Тут есть смешной перебор, учитывая, что книга издана в "Ад маргинеме" - в заявленной пограничной институции. Но конечно, А.Иванов правильно определил то, чего он хочет, а кого же ему печатать, когда не Сорокина? Хотя тут мы внедряемся в жизнь живых существ, о которой я ничего не знаю: а вдруг А.Иванов думает о мейнстриме?

Словом, век человека лет до семидесяти, а если повезет, то чуть больше - вот, все это об этом: у нас времени, когда в кайф, очень мало, и всякий раз оно очень кратко. Ну, пока не отцвел каперс, пока этот каперс еще не сожрали. В маринованном, доступном виде. Сколько банок каперсов - столько историй и запиши, а нет: со всех на свете каперсов - только одна история. Другая, она с чего-нибудь следующего. См. "Жрать!", г-ну Рубинштейну, Льву.

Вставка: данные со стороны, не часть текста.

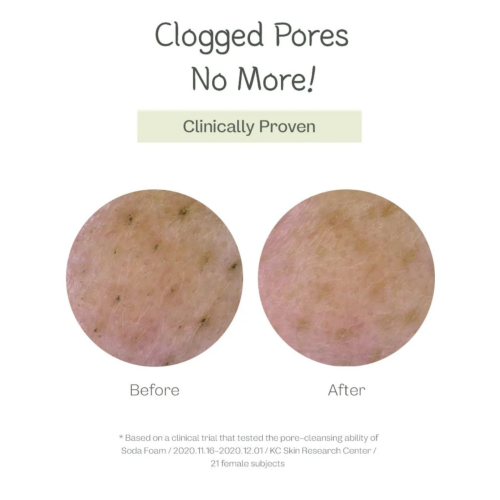 ma:nyo - Gesichtsreiniger Deep Pore Cleansing Soda Foam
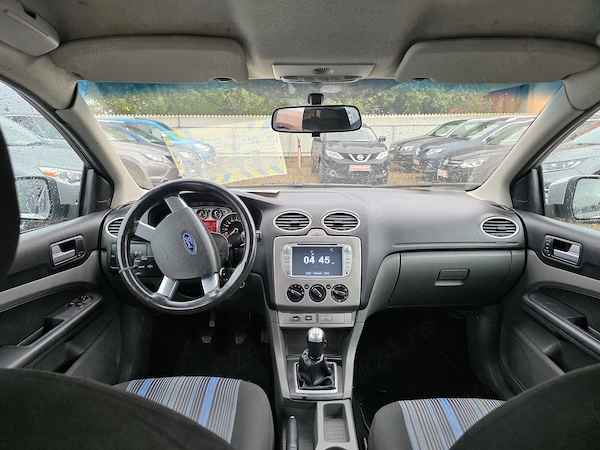 FORD Focus 2008 — imagine 10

Уже резюме: Пир у Сорокина представлен в самом правильном смысле, как у Робинзона Крузо. Более того, это книга описаний кайфов, вовсе не выводимых из того, что можно сожрать. Не в варианте, то есть, крученыховского Рембо о том, что будем лопать камни-скалы. Это о том, что может оказать - уже оказало - резкое воздействие на совокупность наших индрий. Это есть то, что у нас есть, когда мы висим тенями. Или то, что нам поможет узнать себя тенью. Степень интимности данного голема чрезвычайно близка к границе приличия наблюдать за чужим счастьем.

Теперь последний вопрос: разнообразие рецепторов сорокинского Голема выдуманное? Нет, тогда книги бы не было. А главное: смерть от отсутствия Невидимой Еды, как в "Лошадином Супе", что уже просто японский какой-то католицизм.

В нас (суммируя) попадает какая-то В Высшем Смысле Еда, и мы, исполнясь на миг благодатью узнавшего нас вкуса, всю жизнь только и делаем, что описываем, как ее имели. Как поняли разницу между благодатью "салата из любовных писем" и "шерстяного золота".

До того, чтобы написать коллективный сабантуй хорошо проваренных самими собой самих себя (сверху - вот-вот июльская гроза, плюс тридцать) пассажиров кольцевой, сорокинский голем не добрался. Не солженицынский он потому что: тот бы непременно упомянул и лагерных в вечно-мерзлотной упаковке. Голему Сорокина социальный дискурс чужд - ему лишь бы просто побыть сколь угодно малое время пусть даже вареньем из пейджеров. В чем есть присущая уже самому Сорокину сильная (отчужденностью) человеческая художественность.